Every record here must be set down once more, precisely as it reads.

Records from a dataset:
═══
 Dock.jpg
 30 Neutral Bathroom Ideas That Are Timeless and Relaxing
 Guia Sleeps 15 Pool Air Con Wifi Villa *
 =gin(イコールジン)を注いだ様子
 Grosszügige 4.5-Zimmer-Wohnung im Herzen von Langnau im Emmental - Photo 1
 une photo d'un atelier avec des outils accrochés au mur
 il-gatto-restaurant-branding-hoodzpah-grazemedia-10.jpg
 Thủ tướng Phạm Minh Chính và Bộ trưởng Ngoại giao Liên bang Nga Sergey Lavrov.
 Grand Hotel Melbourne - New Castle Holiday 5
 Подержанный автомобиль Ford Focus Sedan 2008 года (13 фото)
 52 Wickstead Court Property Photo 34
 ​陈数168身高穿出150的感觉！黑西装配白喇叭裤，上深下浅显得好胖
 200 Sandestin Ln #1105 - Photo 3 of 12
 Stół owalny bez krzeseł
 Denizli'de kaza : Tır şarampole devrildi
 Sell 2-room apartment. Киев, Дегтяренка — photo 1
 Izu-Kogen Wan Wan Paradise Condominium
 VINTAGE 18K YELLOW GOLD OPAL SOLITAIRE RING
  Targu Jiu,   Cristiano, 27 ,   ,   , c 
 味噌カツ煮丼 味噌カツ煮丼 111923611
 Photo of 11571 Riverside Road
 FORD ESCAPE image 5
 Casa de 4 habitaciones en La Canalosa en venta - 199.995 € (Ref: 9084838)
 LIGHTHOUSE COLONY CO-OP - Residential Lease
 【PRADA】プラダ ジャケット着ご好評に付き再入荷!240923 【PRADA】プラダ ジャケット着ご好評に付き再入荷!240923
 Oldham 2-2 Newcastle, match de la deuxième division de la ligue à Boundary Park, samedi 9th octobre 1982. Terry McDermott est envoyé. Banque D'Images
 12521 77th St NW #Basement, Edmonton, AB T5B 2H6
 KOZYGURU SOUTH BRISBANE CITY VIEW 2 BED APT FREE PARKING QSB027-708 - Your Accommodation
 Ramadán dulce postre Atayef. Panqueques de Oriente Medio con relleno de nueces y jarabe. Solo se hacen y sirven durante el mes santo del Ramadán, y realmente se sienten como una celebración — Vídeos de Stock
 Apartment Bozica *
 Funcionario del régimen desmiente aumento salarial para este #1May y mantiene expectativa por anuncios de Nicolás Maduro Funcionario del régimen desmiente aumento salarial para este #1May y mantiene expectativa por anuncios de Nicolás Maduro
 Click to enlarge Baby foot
═══
> [Solution to this problem]
 Dock.jpg
 30 Neutral Bathroom Ideas That Are Timeless and Relaxing
 Guia Sleeps 15 Pool Air Con Wifi Villa *
 =gin(イコールジン)を注いだ様子
 Grosszügige 4.5-Zimmer-Wohnung im Herzen von Langnau im Emmental - Photo 1
 une photo d'un atelier avec des outils accrochés au mur
 il-gatto-restaurant-branding-hoodzpah-grazemedia-10.jpg
 Thủ tướng Phạm Minh Chính và Bộ trưởng Ngoại giao Liên bang Nga Sergey Lavrov.
 Grand Hotel Melbourne - New Castle Holiday 5
 Подержанный автомобиль Ford Focus Sedan 2008 года (13 фото)
 52 Wickstead Court Property Photo 34
 ​陈数168身高穿出150的感觉！黑西装配白喇叭裤，上深下浅显得好胖
 200 Sandestin Ln #1105 - Photo 3 of 12
 Stół owalny bez krzeseł
 Denizli'de kaza : Tır şarampole devrildi
 Sell 2-room apartment. Киев, Дегтяренка — photo 1
 Izu-Kogen Wan Wan Paradise Condominium
 VINTAGE 18K YELLOW GOLD OPAL SOLITAIRE RING
  Targu Jiu,   Cristiano, 27 ,   ,   , c 
 味噌カツ煮丼 味噌カツ煮丼 111923611
 Photo of 11571 Riverside Road
 FORD ESCAPE image 5
 Casa de 4 habitaciones en La Canalosa en venta - 199.995 € (Ref: 9084838)
 LIGHTHOUSE COLONY CO-OP - Residential Lease
 【PRADA】プラダ ジャケット着ご好評に付き再入荷!240923 【PRADA】プラダ ジャケット着ご好評に付き再入荷!240923
 Oldham 2-2 Newcastle, match de la deuxième division de la ligue à Boundary Park, samedi 9th octobre 1982. Terry McDermott est envoyé. Banque D'Images
 12521 77th St NW #Basement, Edmonton, AB T5B 2H6
 KOZYGURU SOUTH BRISBANE CITY VIEW 2 BED APT FREE PARKING QSB027-708 - Your Accommodation
 Ramadán dulce postre Atayef. Panqueques de Oriente Medio con relleno de nueces y jarabe. Solo se hacen y sirven durante el mes santo del Ramadán, y realmente se sienten como una celebración — Vídeos de Stock
 Apartment Bozica *
 Funcionario del régimen desmiente aumento salarial para este #1May y mantiene expectativa por anuncios de Nicolás Maduro Funcionario del régimen desmiente aumento salarial para este #1May y mantiene expectativa por anuncios de Nicolás Maduro
 Click to enlarge Baby foot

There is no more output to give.